There\’s a marketing principle called the rule of three. This rule says that your product or service must be superior in at least three ways to any competitive product or service in your market. It must be faster, better, cheaper, easier to use, higher quality, more convenient, or superior in some other way.
But you must have at least three reasons for a person to switch from their current product or service to yours. What are they? This is not to say that you cannot enter the market and defeat your competitors with your new product or service. But remember, your competitors are usually very determined and more experienced than you are. They will be very aggressive about protecting their markets and their customers. They will upgrade or otherwise modify their offerings, cut their prices, increase their services and do everything they can think of to frustrate your desire to enter the market.
You must be prepared for what is called competitive response. Whenever you try to sell something to anyone who\’s already purchasing it from someone else. In analyzing your competitors, you must find out exactly how much of your proposed product or service they are selling currently, is this market fixed, growing, or declining?
- If the market is fixed, you will have to take away market share from people who are determined not to give it up.
- If the market is declining, which means that there are fewer customers for this product or service each month and each year, you should think very carefully about whether to venture into that industry in the first place.
- If the market is growing, you must determine how much and what you can do to get a reasonable share of this expanding market.
You must find out exactly what your customers are charging, how much customers are actually paying, and the total aggregate size of the market. In many cases, you hear claims that competitors are selling large amounts of a product or service at a particular price. But when you do your homework, you find out that the actual quantity of sales is much lower, and the price that they are actually getting from the customer is considerably less than the amount that they are advertising or charging initially. This reality can considerably change or skew the economics of getting into this business.
Now, here\’s an important fact that I will repeat over and over again and again, no one really cares about your product or service. No one cares what it is. No one cares about how it was developed or the technology that went into it. Nobody cares about you or your company or your history, or your background. Nobody cares about you or your product or service at all. All that people care about is what the product does for them.

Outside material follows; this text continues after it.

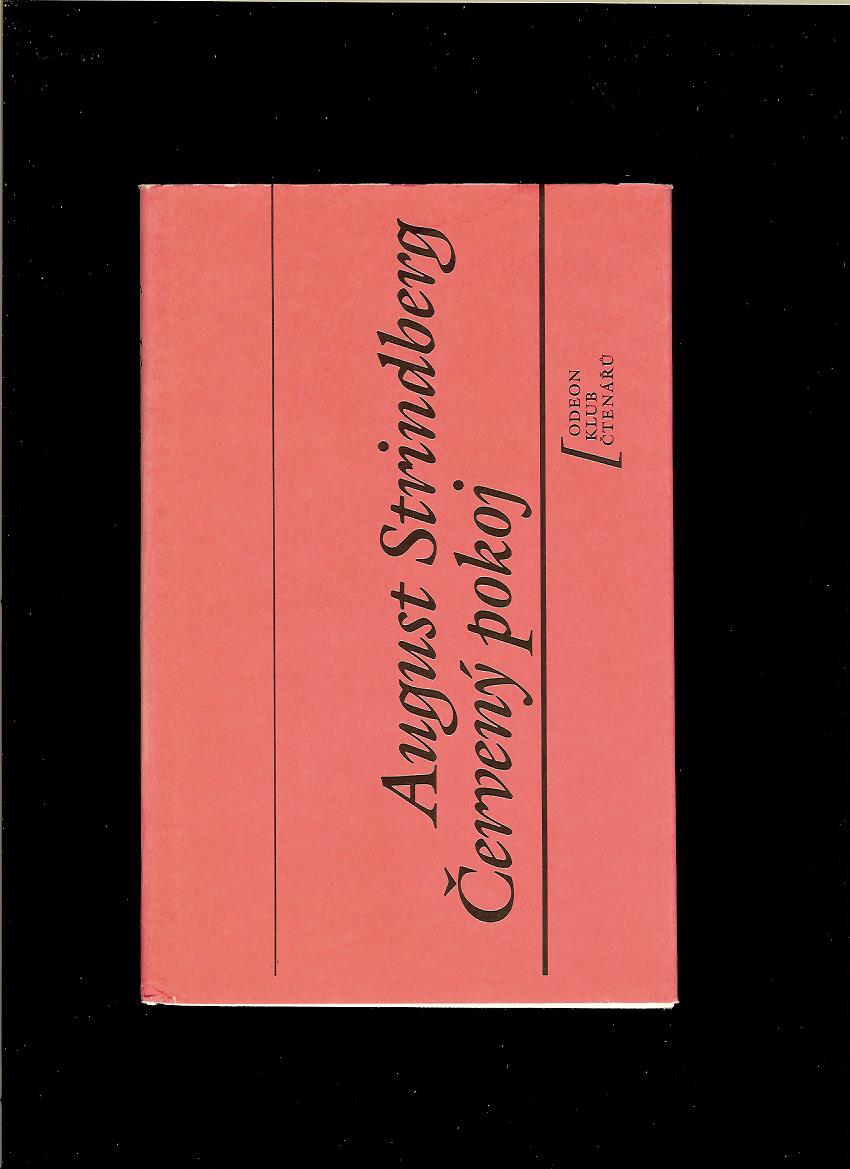 August Strindberg: Červený pokoj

- Customers buy one thing and one thing only: improvement.
- Customers buy a product or service only when it is absolutely clear to them that it will improve some aspect of their life or work cost-effectively.
Economists say that every human action is an attempt to relieve a felt dissatisfaction. The customer must feel or be made to feel dissatisfied, discontent, or unhappy with their current situation, and simultaneously see that purchasing your product or service will relieve this feeling of discontent.